Poster Presentation HUPO 2019 - 18th Human Proteome Organization World Congress

An integrated atlas of protein expression in human cancer based on public proteomics data (#901)

Andrew F. Jarnuczak 1 , Hanna Najgebauer 1 , Mitra Barzine 1 , Deepti J. Kundu 1 , Fatemeh Ghavidel 2 , Yasset Perez-Riverol 1 , Irene Papatheodorou 1 , Alvis Brazma 1 , Juan Antonio Vizcaino 1
  1. EMBL-European Bioinformatics Institute, Hinxton, CAMBRIDGESHIRE, United Kingdom
  2. University of Bergen, Bergen, Norway

DNA and RNA-based omics technologies have been successfully applied to profile primary tumours and their corresponding cell line models.

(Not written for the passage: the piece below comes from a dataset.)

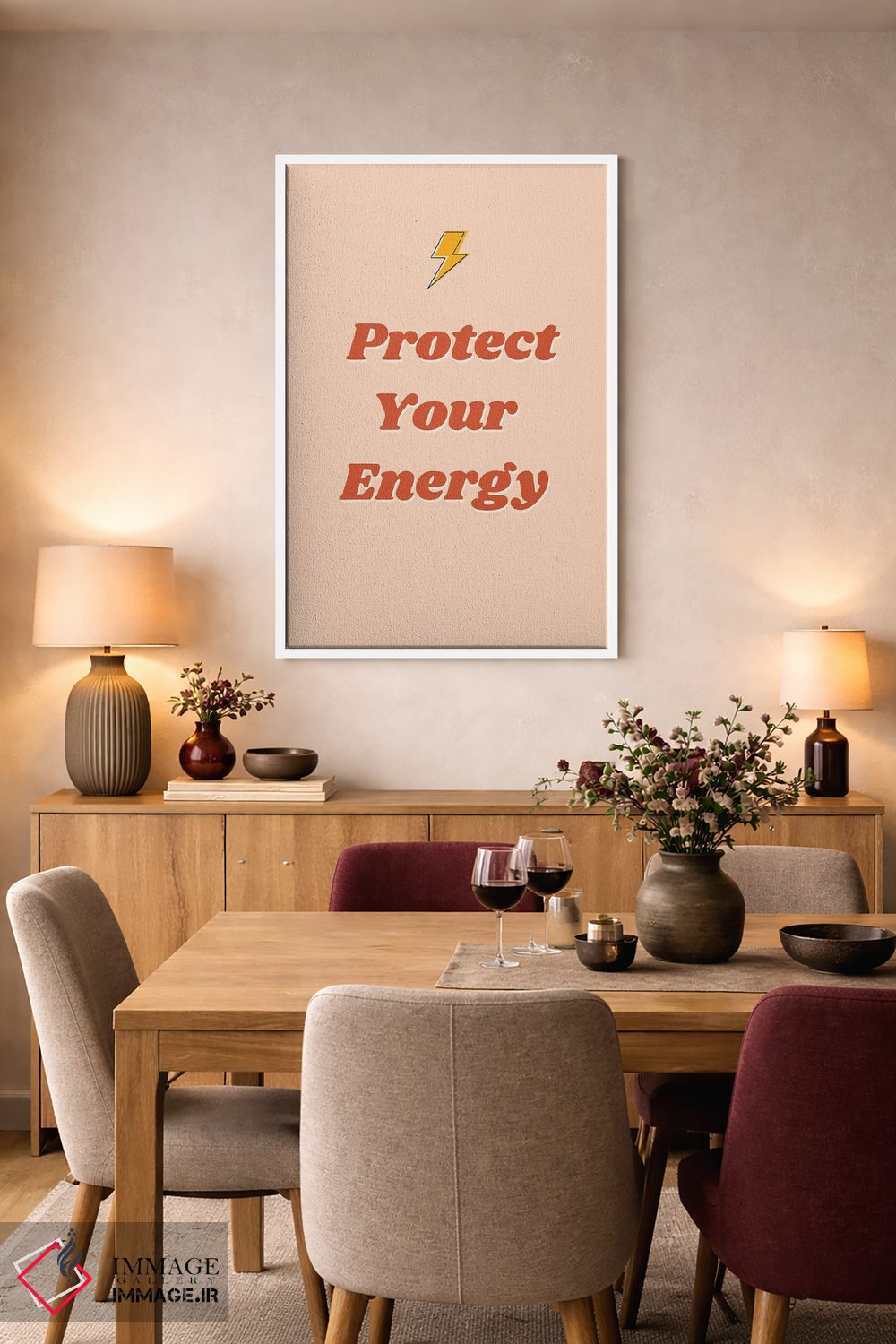 تابلو مینیمال انرژی خود را محافظت کن اثر ایتس فانی هو - D5W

While these studies often include hundreds of samples, proteomics studies are usually much smaller in scale. However, given the amount of MS-based datasets in the public domain, we can now employ in-silico analyses to integrate and reuse this valuable data. Here, we describe the generation of an integrated atlas of protein expression in human cancer using public data.

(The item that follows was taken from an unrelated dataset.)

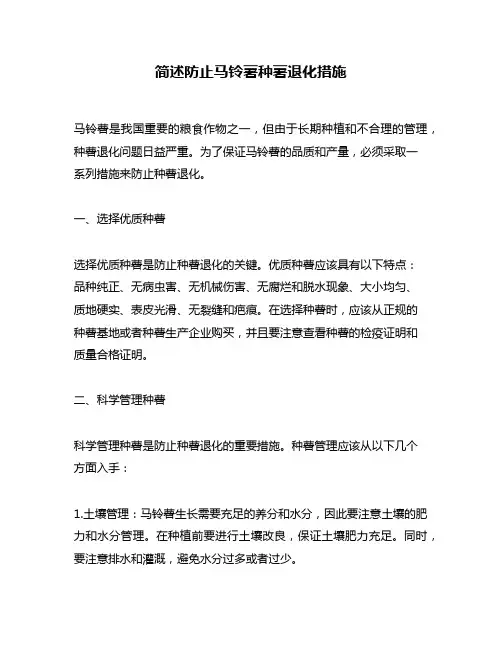 简述防止马铃薯种薯退化措施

We collected and manually curated 7,171 raw files coming from 11 large-scale quantitative cancer proteomics datasets, most of them publicly available in the PRIDE database. The raw data was reprocessed in two combined analyses using MaxQuant. Quantification values were normalised through a multi-step procedure to obtain a complete integrated matrix of protein expression across all samples. Proteomics data was also integrated with public RNA expression information. All results are made available in the EMBL-EBI resources Expression Atlas and PRIDE.

Protein expression values were obtained for 191 cancer cell lines, 246 clinical tumour samples and 35 non-malignant tissues. These covered 13 different cancer lineages, including breast, colorectal, ovarian and prostate.

By exploring this integrated resource, we found that baseline protein expression in cell lines was generally representative of clinical tumour samples. However, as a key point, some differences in this overall trend were detected between cancer subtypes, as exemplified in the breast lineage. Furthermore, integration of RNA-seq data suggested that the level of transcriptional control in cell lines changed significantly depending on their lineage. Additionally, in agreement with previous studies, we found that variation in mRNA levels was generally a poor predictor of changes in protein abundance.

This work constitutes the first comprehensive meta-analysis including cancer cell lines and tumour proteomes, providing a highly valuable resource.